▶ What the task requires
Below are records; extract exactly the lines from the one with "Bellroy Lite Sling" through the final line, including both, but drop the pictures.

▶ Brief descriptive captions
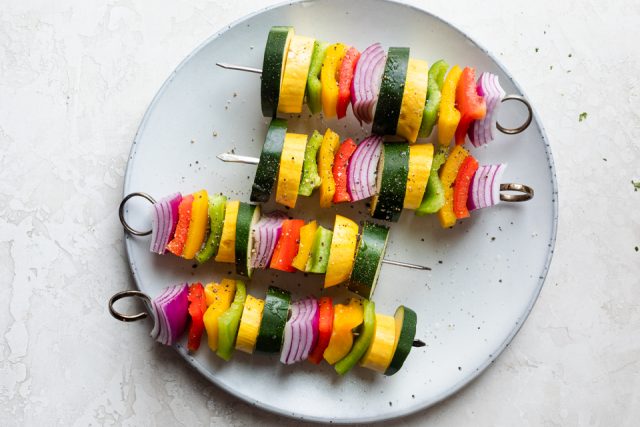 Veggie skewers on a white plate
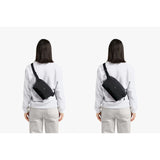 Bellroy Lite Sling bag showing compact design with adjustable strap and sleek black fabric for everyday carry.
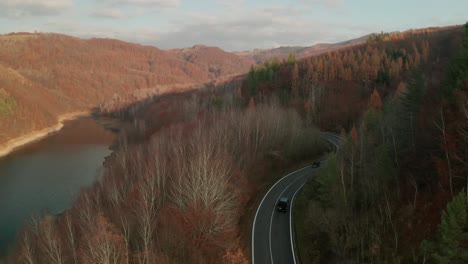 an aerial drone view shot following a car driving on a winding road alongside a lake and a water dam in late autumn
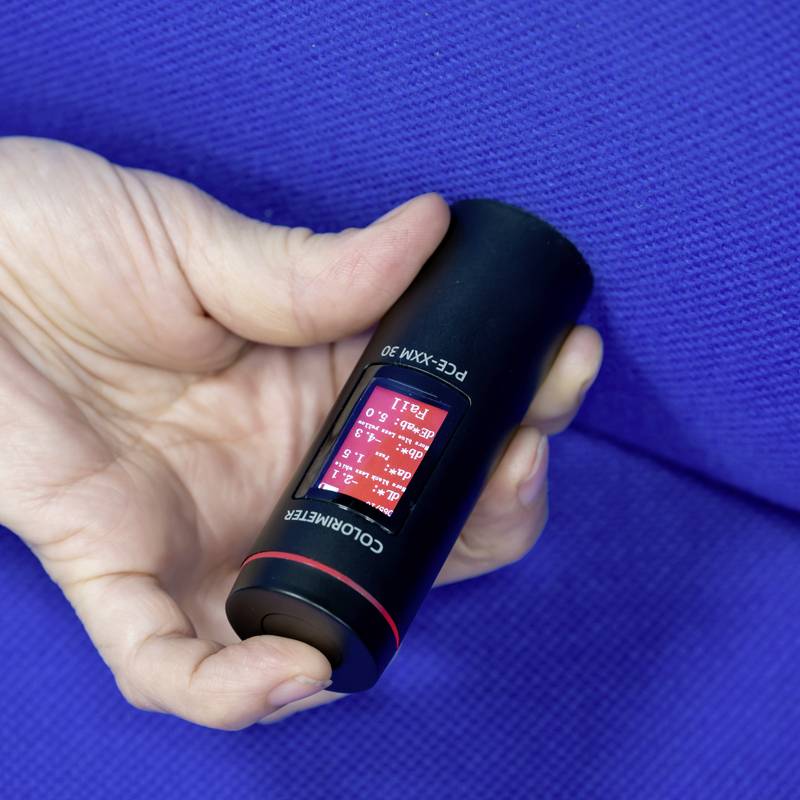 Hand hält ein schwarzes, zylinderförmiges Gerät mit digitalem Display und rotem Hintergrund, das Temperaturwerte anzeigt. Hintergrund blau.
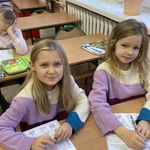 Dwie uśmiechnięte dziewczynki rozwiązują zadania na kartach pracy.jpg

▶ Answer box
 Bellroy Lite Sling bag showing compact design with adjustable strap and sleek black fabric for everyday carry.
 an aerial drone view shot following a car driving on a winding road alongside a lake and a water dam in late autumn
 Hand hält ein schwarzes, zylinderförmiges Gerät mit digitalem Display und rotem Hintergrund, das Temperaturwerte anzeigt. Hintergrund blau.
 Dwie uśmiechnięte dziewczynki rozwiązują zadania na kartach pracy.jpg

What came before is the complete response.